The second half of AI Agent: from token generation to autonomous experience

Written by
Iris Vance
Updated on:June-27th-2025
Recommendation

The future of AI Agents: the transition from relying on instructions to autonomous action.

Core content:
1. The current limitations of AI agents that rely on human instructions
2. The role of scaffolding frameworks in improving AI capabilities
3. How technologies such as reinforcement learning can promote the development of AI towards autonomous experience

Yang Fangxian
Founder of 53A/Most Valuable Expert of Tencent Cloud (TVP)


?²·ℙarad?g? Research on the square paradigm of intelligence: writing deconstructs intelligence, and paradigm improves cognition

AI agents are actors driven by large language models (LLMs), but the core capability of LLMs is to generate tokens, similar to a "brain in a language vat" - it does not have the ability to perceive the outside world or interact directly with the real world, nor does it have intrinsic will or spontaneous motivation. Therefore, at the current stage of technology, the motivation of AI agents' actions still depends on humans to provide it through instructions, prompts or task definitions.


In order for LLM to complete specific tasks, we need to build a "scaffolding agent framework" for it, integrating functions such as tool use and memory to provide a running environment and external support.

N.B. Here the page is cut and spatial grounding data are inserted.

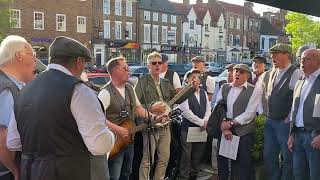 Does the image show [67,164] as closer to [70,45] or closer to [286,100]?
[70,45]

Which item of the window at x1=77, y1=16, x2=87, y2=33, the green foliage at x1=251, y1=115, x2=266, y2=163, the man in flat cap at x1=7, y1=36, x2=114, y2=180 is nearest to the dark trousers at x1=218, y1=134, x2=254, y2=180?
the green foliage at x1=251, y1=115, x2=266, y2=163

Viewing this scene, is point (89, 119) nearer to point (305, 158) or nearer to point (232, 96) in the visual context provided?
point (305, 158)

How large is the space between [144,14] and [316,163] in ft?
189

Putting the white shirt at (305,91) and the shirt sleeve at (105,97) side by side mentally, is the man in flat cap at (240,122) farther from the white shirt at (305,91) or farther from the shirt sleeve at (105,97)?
the shirt sleeve at (105,97)

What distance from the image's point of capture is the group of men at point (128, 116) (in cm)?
318

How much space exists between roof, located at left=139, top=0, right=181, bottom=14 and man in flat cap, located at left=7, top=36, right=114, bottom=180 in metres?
56.0

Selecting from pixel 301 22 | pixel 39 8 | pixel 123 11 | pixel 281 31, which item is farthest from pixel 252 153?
pixel 281 31

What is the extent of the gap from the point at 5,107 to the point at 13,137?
0.24 m

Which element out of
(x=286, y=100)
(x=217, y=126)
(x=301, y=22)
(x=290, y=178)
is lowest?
(x=290, y=178)

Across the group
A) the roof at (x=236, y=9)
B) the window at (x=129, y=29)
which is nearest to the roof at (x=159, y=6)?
the window at (x=129, y=29)

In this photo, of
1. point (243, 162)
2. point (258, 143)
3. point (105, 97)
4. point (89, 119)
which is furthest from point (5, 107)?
point (258, 143)

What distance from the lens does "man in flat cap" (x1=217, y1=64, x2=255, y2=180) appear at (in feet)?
20.2

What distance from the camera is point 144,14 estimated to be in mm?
61656

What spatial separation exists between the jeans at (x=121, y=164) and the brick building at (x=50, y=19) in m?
39.7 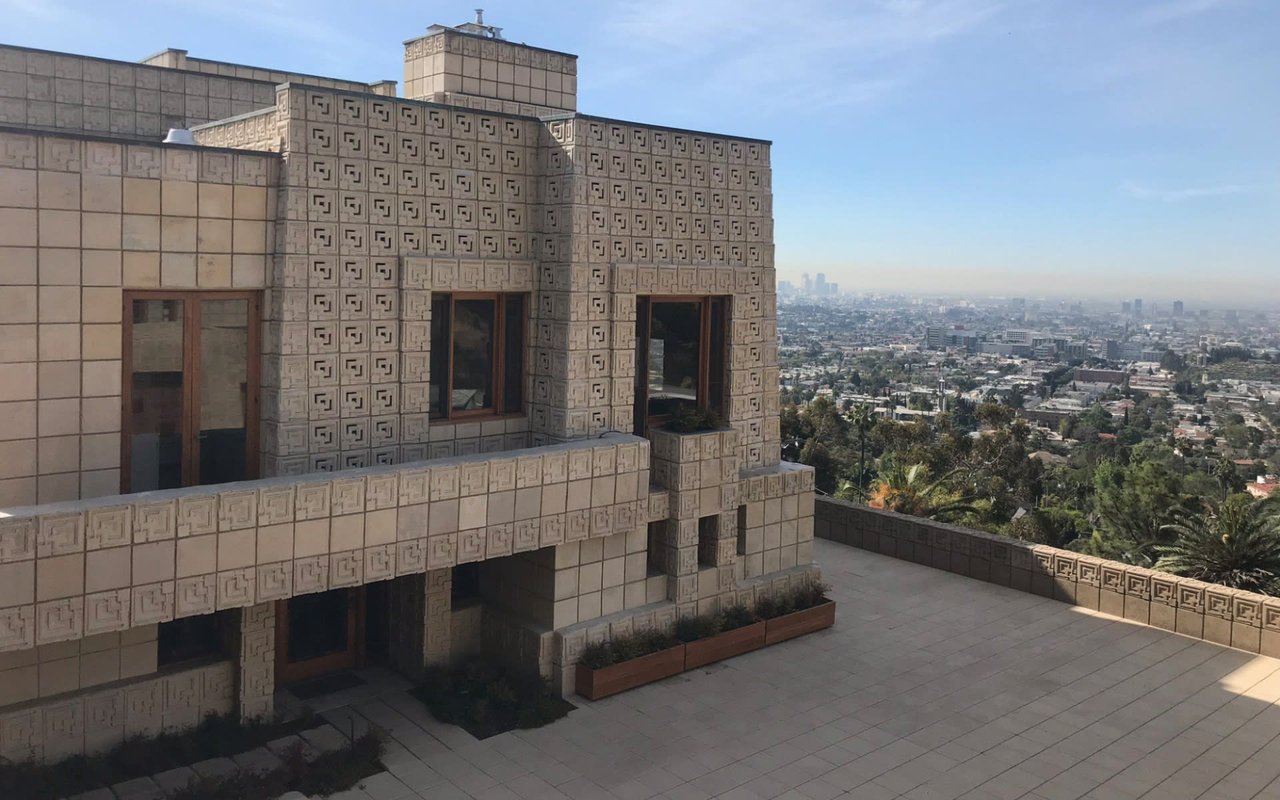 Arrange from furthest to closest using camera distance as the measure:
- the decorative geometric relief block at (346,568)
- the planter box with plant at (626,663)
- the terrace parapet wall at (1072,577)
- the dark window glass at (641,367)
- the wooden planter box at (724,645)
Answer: the terrace parapet wall at (1072,577)
the dark window glass at (641,367)
the wooden planter box at (724,645)
the planter box with plant at (626,663)
the decorative geometric relief block at (346,568)

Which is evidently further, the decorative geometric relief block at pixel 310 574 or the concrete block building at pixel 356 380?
the decorative geometric relief block at pixel 310 574

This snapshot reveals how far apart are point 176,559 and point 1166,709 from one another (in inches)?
420

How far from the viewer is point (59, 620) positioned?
25.5 ft

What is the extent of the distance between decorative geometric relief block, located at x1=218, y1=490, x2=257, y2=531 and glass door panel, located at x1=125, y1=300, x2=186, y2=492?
4.62ft

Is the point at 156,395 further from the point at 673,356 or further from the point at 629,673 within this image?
the point at 673,356

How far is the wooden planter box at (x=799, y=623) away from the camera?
13180mm

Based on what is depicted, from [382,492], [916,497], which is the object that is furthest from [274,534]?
[916,497]

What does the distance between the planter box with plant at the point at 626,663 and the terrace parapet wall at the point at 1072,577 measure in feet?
21.6

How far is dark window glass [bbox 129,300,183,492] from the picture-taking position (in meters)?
9.26

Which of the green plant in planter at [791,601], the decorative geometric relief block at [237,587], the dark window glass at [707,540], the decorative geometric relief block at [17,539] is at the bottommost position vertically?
the green plant in planter at [791,601]

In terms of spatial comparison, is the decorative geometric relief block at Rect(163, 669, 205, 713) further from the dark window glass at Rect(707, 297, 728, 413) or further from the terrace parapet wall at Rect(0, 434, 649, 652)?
the dark window glass at Rect(707, 297, 728, 413)

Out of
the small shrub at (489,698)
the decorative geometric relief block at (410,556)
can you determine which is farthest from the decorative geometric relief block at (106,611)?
the small shrub at (489,698)

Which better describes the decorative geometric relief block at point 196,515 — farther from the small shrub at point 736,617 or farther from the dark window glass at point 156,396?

Workflow and API orchestration are two common scaffolding implementations used to convert LLM text output into executable actions. The main difference between the two is the design flexibility:

• Workflow: Usually uses a predefined, deterministic sequence of steps and is suitable for fixed, process-based tasks.

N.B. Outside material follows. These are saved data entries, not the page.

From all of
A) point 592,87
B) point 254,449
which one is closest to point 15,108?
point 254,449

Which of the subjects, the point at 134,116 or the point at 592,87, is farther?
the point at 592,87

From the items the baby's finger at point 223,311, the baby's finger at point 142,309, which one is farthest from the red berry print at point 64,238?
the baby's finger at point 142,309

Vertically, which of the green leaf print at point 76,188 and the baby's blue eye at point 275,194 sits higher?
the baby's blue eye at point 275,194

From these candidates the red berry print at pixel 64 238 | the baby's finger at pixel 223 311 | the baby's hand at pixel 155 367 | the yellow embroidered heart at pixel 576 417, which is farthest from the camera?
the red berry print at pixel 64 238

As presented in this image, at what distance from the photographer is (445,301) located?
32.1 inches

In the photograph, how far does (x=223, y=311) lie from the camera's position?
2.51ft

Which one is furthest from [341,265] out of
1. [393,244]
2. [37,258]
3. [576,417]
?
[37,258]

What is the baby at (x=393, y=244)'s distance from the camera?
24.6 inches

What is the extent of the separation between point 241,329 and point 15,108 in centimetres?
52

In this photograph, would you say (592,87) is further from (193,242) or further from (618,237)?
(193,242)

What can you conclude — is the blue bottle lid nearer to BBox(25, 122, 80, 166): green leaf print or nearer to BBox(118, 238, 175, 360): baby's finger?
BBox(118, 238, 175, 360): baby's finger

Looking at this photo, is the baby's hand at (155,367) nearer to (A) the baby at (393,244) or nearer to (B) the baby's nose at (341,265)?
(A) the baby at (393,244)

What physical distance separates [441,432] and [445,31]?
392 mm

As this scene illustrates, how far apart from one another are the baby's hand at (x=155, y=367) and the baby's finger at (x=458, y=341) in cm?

• API Orchestration: Supports more dynamic tool calls, suitable for complex scenarios that require flexible decision-making and adaptation.


The “intelligence” of the LLM (i.e., its token generation capability) is crucial in these systems, as it generates text instructions to guide actions. However, the integrity and effectiveness of action motivations depend more on the task goals set by humans and the design of the scaffolding than on whether the LLM itself can independently “understand” or “describe” motivations.


In the future, the functions of AI agents need to be gradually internalized to reduce dependence on external scaffolding, thereby improving efficiency and consistency. Through technologies such as reinforcement learning (RL), LLM can gradually integrate tool calls or memory requests naturally into the token generation process, making its behavior closer to autonomous action. For example:

• ReACT: Use prompts to guide LLM to switch between thinking and action. It is flexible and easy to implement, suitable for rapid deployment.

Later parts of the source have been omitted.